One of my favorites is a tung/linseed oil mixture, a close 2nd behind Watco Danish oil or Tried & True varnish oil.
Before wet-sanding, sand the project with 220 grit sandpaper to break any glaze on the wood. Then apply a base coat of oil, wiping it on in a circular motion. Once the surface is coated, wipe off the excess and leave the project to cure. 3-4 hours is usually good at approx 70 degrees.
Wet-sanding is done with 800 & 1200 grit wet/dry sandpaper. Sanding in a circular motion, keep the wood wet so the sandpaper can do its job. Once that coat is done, usually when the sandpaper starts to grab, wipe off the excess.
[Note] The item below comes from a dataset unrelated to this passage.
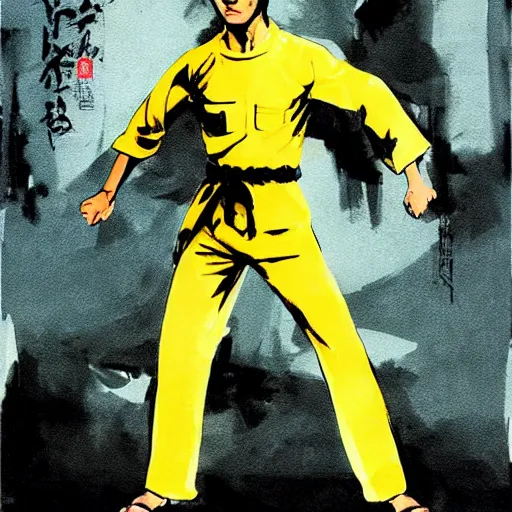 Image similar to Bruce Lee wearing a yellow jumpsuit by Yoji Shinkawa and Ashley Wood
You don't have to wait between the 2nd & 3rd coats. Go directly to the 1200. Sand the surface with the grain, again until the paper starts to grab. Wipe off the excess and set the project aside to cure. May take up to 24 hours.
The end result is a soft feel and a low shine. More sanding won't increase the shine. I'm not a proponent of adding a film finish to oil but it can be done.
Good luck,
Hope I helped,
Mikaol
>You could write a book about misadvice on finish labels.
I think Bob Flexner has already done books and articles on this.
It was always my theory they say not to thin so that the product is still VOC compliant. Thin away.